Apache Beam

Apache Beam is an open source from Apache Software Foundation. It is an unified programming model to define and execute data processing pipelines. The pipelines include ETL, batch and stream processing. Apache Beam has published its first stable release, 2.0.0, on 17th March, 2017. There is active development around Apache Beam from Google and Open Community from Apache.

MapReduce has triggered the evolution of Big Data Ecosystem that we are seeing today. There are many frameworks like Hadoop, Spark, Flink, Google Cloud Dataflow, etc, that came into existence. But there has been no unified API that binds all these frameworks and data sources, and provide an abstraction to the application logic from big data ecosystem.

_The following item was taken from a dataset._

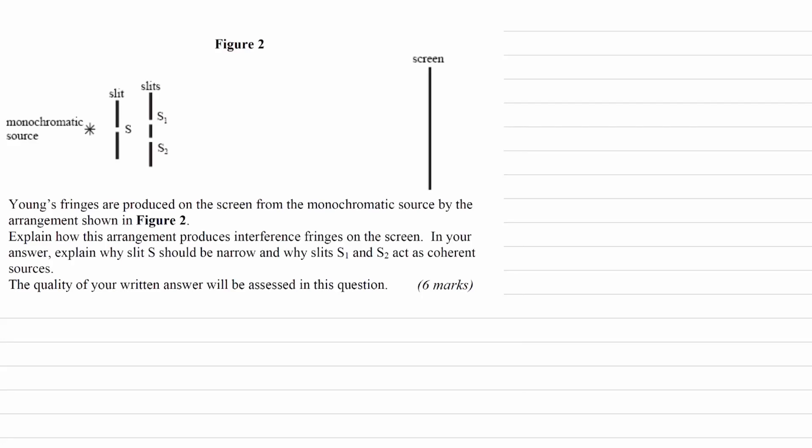Young's fringes are produced on the screen from a monochromatic source by the arrangement shown in figure 2. The question asks us to explain how this arrangement produces interference fringes on the screen, why slit S should be narrow, and why slits S1 and S2 act as coherent sources. The quality of the written answer will be assessed.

The good days have come, Apache Beam framework provides abstraction between your application logic and big data ecosystem.

Hence, there is no need to bother about the following aspects when you are writing your data processing or analytic application :

  • Data Source – Data source can be batches, micro-batches or streaming data
  • SDK – You may choose your SDK (Java, Python) that you are comfortable with, to program application logic as a Beam Pipeline
  • Runner – Once writing of application logic as a Beam Pipeline is done, you may choose one of the available runners (Apache Spark, Apache Flink, Google Cloud Dataflow, Apache Apex, etc.) to run your application based on the nature of your inputs and analytic results.

This is how, Beam lets you write your application logic once, and not mix and scramble the code with input specific parameters or runner specific parameters.